仙台高裁H21.3.3に代表されるように「併合罪説であることを前提とする主張は不利益主張であり違法だ」と判断されることが多いが、札幌高裁でも最決においてもそのような判示はなかった。
判決や主張が不利益かどうかは、刑訴法402条の「不利益」の解釈によるところ、刑訴法402条における刑の軽重の比較については、執行猶予の言渡しの有無をも考慮すべきであるとされ(最2小決昭55・12・4刑集34巻7号499頁、本誌433号90頁)、必ずしも主刑の軽重のみによって決するのではなく、執行猶予の言渡しの有無や労役場留置の期間などの付随的な処分をも併せ、主文を全体として具体的・総合的に考察し、実質的に被告人に不利益かどうかによって、判断する方法がとられている。

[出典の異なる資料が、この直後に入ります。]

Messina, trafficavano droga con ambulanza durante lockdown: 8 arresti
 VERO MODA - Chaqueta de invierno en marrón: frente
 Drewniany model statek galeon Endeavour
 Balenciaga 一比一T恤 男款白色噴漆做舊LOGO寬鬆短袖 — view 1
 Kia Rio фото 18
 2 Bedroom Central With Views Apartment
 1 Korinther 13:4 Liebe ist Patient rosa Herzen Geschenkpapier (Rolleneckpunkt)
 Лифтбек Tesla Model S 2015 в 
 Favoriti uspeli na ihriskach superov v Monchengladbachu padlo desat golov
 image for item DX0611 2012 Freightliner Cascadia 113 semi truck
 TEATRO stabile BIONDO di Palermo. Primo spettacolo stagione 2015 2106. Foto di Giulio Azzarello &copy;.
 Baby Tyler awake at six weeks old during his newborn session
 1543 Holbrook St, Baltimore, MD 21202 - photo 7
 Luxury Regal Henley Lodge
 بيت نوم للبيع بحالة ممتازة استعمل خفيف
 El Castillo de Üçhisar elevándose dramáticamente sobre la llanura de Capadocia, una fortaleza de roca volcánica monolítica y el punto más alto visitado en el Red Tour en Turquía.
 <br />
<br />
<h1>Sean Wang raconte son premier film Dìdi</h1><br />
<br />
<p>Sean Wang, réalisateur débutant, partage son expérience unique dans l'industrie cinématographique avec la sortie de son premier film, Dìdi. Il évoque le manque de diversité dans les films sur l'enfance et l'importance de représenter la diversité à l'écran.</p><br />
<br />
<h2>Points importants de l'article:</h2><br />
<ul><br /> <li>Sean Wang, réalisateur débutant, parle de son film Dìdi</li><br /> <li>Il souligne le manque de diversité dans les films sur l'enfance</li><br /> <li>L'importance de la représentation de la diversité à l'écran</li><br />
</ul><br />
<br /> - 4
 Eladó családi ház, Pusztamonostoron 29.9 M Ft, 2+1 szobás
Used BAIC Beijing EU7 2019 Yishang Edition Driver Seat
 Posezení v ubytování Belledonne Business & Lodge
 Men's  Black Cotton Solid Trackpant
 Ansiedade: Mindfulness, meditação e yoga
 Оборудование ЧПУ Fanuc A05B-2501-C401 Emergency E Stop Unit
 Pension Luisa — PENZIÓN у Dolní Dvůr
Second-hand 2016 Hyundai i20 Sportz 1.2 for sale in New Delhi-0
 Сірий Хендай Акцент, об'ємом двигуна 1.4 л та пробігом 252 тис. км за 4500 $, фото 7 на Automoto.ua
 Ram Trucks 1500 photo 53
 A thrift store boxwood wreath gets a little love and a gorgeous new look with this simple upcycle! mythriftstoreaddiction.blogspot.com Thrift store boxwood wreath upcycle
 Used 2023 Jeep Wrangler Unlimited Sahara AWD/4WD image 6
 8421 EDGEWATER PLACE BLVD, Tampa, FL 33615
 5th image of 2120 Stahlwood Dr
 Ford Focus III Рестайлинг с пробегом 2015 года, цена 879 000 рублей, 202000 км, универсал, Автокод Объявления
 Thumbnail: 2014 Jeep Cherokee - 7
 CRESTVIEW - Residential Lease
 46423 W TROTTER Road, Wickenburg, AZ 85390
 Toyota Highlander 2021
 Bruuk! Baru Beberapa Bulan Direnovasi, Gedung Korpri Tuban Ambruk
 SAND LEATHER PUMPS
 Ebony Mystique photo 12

従って、上訴の利益についても、上訴によってもとめる判断が、全体として具体的・総合的に考察し、実質的に被告人に利益になれば足り、上訴理由中の「併合罪」の字句のみに注目して有利不利を決めるのは、失当であると考えている。
最判S53.7.7*1*2は、原判決で包括一罪とされた数回の出資法違反の事実について、弁護人から併合罪であるから個々の事実について公訴時効が進行しており、一部は時効となっているという上告理由が主張され、最高裁は、不利益主張だとは判断せずに、併合罪とした上で、一部の時効をみとめて、破棄差戻している。
最近でも最決H21.7.7*3は、児童ポルノ提供罪(7条4項)と所持罪(5項)が併合罪であるから訴因変更は違法であるという主張に対して、不利益主張だとは判断せずに併合罪だと判示している。同最決が単に「数回の児童ポルノ提供罪は判例上併合罪であるから包括一罪だとした原判決は判例違反だ」という主張に対しては、「東京高等裁判所平成15年(う)第361号同年6月4日判決及び大阪高等裁判所平成20年(う)第121号同年4月17日判決を引用しての判例違反をいう点は,罪数判断に関して被告人にとり不利益な主張をするもので不適法」とした点は、訴因変更の違法については不利益主張としなかったことと対比すると、単に併合罪だとするだけでは不利益主張だが、併合罪説の帰結としてさらに重大な瑕疵があってそれが被告人に有利となる場合には不利益主張とはしないことを示していて、興味深い。
本件では、適法な事物管轄で裁かれることが被告人の利益でああり、本最決には管轄違の是正を求める場合には併合罪の主張も許容されるという意味がある。